__REQUIREMENT__.
Go through the records below and return each line that has "Faux" in it.

__EXERCISE INPUTS__.
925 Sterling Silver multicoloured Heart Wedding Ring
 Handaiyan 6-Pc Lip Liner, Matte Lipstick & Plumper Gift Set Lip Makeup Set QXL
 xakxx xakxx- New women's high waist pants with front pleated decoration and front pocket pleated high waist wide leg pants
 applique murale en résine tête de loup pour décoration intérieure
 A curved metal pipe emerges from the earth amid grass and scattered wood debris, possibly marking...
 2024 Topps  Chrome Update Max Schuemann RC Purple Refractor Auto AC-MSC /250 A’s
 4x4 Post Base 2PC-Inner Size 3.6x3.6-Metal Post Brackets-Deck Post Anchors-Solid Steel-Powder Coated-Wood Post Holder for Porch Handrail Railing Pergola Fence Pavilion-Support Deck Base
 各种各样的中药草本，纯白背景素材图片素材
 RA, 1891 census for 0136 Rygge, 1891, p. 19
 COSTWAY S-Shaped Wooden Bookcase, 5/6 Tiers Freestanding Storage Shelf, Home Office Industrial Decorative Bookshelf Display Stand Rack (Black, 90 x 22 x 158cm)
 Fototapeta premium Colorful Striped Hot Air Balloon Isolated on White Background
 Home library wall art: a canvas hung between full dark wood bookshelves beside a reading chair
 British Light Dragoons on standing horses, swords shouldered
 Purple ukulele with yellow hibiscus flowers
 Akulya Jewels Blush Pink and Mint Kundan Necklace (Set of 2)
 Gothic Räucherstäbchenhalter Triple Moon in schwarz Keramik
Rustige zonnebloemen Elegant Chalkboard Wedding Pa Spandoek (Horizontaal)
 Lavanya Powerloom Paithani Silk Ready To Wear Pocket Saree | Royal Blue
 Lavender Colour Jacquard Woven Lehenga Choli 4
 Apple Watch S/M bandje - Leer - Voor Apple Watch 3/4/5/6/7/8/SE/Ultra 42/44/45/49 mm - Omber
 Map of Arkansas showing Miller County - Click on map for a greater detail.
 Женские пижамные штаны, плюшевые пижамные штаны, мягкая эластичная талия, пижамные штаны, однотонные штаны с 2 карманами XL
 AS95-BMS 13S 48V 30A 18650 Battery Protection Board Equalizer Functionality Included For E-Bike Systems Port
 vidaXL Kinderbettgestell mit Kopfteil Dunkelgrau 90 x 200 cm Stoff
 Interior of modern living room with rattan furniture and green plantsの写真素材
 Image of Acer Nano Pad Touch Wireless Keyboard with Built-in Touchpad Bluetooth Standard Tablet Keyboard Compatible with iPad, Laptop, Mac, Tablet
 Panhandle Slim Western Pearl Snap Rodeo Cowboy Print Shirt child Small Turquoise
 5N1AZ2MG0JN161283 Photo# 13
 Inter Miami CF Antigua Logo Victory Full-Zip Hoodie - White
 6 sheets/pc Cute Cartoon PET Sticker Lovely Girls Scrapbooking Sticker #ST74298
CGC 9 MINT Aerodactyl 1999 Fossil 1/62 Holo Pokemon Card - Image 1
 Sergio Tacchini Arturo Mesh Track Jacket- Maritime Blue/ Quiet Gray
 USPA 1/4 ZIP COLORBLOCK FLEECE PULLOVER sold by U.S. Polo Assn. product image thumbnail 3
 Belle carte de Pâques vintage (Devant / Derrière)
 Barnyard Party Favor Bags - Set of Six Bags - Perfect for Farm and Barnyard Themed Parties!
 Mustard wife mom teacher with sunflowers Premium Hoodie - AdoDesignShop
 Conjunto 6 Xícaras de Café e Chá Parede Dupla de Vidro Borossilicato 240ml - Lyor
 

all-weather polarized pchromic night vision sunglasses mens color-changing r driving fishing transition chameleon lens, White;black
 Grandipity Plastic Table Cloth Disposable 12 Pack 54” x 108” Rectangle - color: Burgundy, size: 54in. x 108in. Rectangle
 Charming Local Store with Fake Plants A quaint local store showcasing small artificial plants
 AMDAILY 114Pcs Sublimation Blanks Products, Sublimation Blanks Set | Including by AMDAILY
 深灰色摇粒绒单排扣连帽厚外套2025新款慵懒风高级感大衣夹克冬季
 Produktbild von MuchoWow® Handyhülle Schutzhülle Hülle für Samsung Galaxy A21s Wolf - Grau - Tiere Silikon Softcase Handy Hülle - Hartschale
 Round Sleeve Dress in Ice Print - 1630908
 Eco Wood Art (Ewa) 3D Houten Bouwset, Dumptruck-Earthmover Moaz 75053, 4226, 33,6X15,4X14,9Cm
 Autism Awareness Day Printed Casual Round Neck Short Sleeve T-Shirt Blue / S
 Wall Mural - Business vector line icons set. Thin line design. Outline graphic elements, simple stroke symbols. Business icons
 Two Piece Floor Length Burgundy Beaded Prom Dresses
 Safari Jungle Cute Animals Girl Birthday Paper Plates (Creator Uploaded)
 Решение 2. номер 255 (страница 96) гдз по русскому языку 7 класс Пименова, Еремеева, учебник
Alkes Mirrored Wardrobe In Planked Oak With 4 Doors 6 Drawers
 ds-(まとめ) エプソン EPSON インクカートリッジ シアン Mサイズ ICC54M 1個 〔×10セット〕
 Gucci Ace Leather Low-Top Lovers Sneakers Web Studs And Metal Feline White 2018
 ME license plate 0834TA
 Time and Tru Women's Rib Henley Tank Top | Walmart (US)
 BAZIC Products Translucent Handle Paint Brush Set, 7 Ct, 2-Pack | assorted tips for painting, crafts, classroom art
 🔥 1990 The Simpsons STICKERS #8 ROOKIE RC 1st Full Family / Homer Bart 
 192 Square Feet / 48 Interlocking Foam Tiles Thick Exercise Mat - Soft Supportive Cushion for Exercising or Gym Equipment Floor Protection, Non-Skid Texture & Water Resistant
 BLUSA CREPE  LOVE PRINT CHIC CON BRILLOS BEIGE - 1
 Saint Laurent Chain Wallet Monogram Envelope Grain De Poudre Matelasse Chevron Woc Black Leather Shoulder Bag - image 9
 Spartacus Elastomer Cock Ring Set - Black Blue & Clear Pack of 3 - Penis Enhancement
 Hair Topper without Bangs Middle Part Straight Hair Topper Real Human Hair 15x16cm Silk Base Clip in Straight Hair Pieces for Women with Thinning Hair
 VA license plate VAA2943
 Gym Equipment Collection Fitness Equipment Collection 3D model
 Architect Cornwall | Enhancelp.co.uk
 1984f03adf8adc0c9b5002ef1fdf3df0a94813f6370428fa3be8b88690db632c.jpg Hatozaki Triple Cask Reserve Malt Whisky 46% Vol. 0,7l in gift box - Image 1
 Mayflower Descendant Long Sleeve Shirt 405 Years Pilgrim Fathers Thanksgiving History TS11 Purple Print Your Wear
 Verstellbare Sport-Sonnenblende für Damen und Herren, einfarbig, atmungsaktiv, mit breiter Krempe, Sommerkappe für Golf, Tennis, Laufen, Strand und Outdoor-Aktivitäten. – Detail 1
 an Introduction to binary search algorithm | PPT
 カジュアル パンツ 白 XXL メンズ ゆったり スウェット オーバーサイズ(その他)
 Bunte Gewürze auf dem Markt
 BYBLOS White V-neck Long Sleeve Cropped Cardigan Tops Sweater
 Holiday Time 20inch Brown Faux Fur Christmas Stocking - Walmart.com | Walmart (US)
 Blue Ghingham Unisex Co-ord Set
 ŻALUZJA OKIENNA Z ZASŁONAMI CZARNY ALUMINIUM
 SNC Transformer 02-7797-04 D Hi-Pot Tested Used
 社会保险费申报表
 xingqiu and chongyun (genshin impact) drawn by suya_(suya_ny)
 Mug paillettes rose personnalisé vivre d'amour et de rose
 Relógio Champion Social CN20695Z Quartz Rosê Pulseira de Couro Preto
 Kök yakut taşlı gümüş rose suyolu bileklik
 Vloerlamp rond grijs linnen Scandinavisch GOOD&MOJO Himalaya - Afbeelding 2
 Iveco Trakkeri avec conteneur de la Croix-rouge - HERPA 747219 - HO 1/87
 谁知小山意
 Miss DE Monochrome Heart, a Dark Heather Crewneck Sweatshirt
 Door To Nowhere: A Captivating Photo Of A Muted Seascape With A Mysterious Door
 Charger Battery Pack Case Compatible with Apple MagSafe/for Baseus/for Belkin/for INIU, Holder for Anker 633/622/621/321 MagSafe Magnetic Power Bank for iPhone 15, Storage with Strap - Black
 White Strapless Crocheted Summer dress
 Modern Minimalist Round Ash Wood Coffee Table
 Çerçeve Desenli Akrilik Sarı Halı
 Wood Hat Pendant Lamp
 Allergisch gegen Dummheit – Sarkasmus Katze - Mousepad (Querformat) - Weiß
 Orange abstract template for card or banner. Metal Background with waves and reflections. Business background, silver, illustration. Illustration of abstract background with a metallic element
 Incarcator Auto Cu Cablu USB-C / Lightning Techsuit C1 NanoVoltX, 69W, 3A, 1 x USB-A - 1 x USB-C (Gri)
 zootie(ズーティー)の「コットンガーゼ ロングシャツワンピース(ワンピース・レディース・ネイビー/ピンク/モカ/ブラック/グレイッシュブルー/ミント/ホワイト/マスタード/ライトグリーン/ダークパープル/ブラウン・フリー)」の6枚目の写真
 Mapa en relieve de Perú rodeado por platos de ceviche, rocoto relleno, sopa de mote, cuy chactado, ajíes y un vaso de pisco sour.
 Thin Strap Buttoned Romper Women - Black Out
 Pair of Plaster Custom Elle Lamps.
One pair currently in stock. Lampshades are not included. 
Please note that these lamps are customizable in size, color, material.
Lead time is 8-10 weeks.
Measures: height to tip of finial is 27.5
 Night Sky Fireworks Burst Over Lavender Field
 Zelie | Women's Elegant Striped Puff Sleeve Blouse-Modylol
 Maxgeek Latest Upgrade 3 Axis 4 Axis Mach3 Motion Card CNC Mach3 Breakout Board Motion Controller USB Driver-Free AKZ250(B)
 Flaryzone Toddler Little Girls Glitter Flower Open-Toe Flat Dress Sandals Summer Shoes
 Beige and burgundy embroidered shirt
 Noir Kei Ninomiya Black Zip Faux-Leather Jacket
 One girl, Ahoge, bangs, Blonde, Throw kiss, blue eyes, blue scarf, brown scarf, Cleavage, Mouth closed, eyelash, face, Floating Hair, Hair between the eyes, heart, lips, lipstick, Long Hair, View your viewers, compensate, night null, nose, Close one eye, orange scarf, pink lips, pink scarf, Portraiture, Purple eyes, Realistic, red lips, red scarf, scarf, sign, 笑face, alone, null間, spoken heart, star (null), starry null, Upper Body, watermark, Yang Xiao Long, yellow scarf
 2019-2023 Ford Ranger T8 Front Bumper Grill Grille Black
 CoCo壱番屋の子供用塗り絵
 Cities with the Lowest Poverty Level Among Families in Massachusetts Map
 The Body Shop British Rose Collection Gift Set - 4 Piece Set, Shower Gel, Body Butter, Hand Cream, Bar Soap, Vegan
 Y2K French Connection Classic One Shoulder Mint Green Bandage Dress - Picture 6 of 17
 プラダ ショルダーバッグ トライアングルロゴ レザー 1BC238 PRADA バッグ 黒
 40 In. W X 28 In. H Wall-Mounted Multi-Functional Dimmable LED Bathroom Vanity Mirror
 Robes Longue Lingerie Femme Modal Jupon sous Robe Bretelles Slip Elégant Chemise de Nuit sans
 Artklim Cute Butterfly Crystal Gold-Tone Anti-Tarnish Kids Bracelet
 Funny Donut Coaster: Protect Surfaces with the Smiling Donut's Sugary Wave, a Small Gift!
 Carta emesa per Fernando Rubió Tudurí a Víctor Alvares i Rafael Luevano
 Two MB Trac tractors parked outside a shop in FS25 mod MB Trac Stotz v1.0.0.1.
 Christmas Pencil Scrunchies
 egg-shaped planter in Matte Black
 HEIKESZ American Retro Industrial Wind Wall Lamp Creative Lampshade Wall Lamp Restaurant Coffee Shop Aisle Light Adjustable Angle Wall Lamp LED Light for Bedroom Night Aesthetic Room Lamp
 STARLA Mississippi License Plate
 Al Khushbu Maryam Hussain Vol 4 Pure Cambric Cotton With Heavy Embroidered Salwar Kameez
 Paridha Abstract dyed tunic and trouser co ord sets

__SOLUTION TO THIS PROBLEM__.
 Holiday Time 20inch Brown Faux Fur Christmas Stocking - Walmart.com | Walmart (US)
 Noir Kei Ninomiya Black Zip Faux-Leather Jacket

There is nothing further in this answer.